# TO DO
The answer consists of the lines from the line holding "The‎ North Face" through the last line of the entries, retyped exactly, and nothing else. No pictures belong in it.
SOURCE RECORDS Block Start
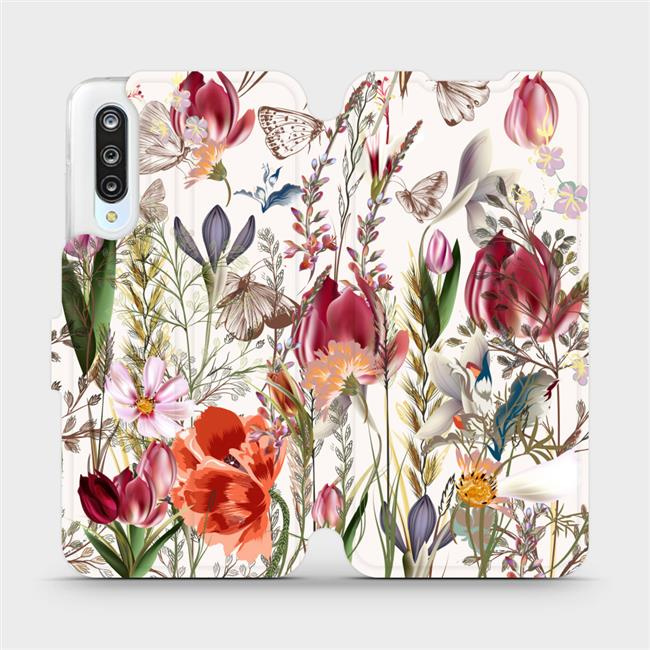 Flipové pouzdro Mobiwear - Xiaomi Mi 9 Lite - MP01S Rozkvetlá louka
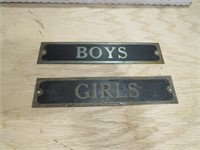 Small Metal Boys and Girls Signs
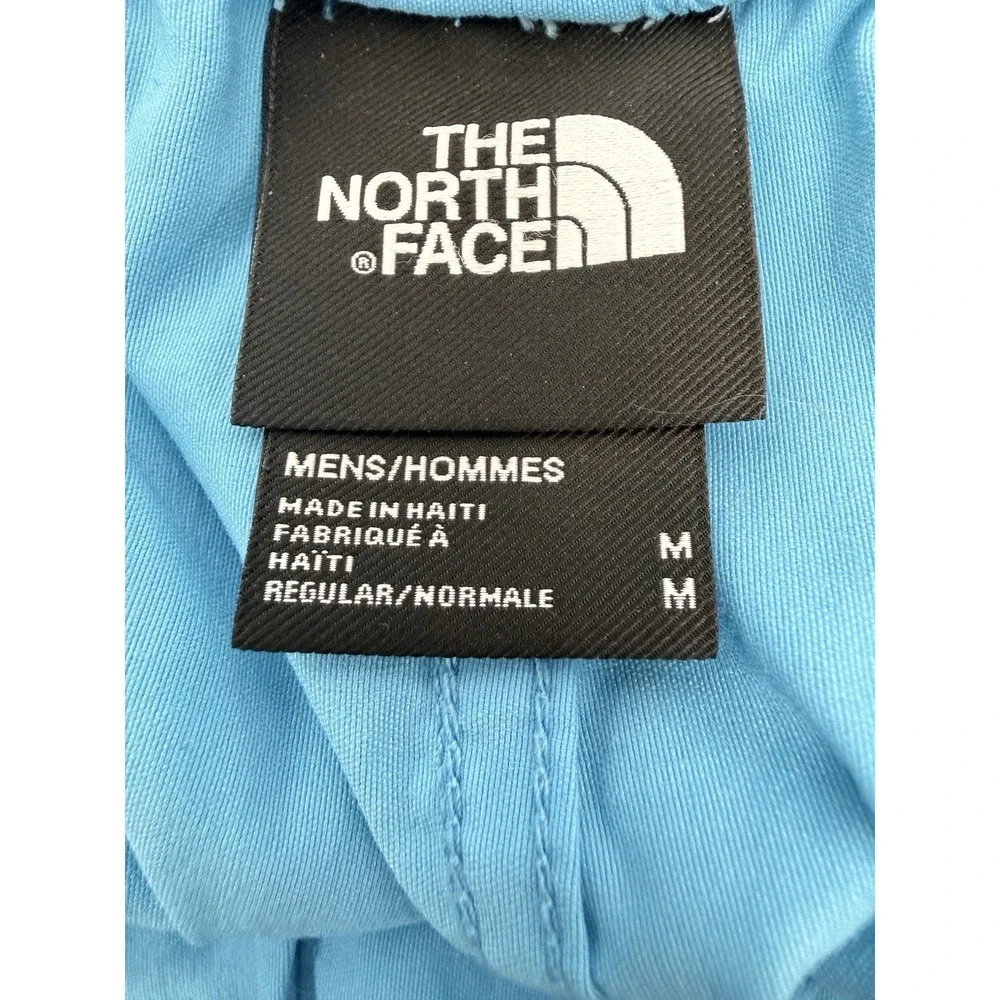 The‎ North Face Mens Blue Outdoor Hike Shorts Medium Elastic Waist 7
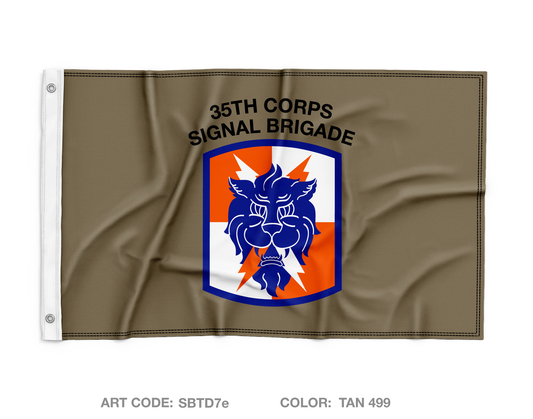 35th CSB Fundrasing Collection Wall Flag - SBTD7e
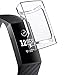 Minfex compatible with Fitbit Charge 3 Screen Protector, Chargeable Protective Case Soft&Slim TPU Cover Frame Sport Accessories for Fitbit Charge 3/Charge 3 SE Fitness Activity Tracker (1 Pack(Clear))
SOURCE RECORDS Block End
# WRITTEN SOLUTION
 The‎ North Face Mens Blue Outdoor Hike Shorts Medium Elastic Waist 7
 35th CSB Fundrasing Collection Wall Flag - SBTD7e
 Minfex compatible with Fitbit Charge 3 Screen Protector, Chargeable Protective Case Soft&Slim TPU Cover Frame Sport Accessories for Fitbit Charge 3/Charge 3 SE Fitness Activity Tracker (1 Pack(Clear))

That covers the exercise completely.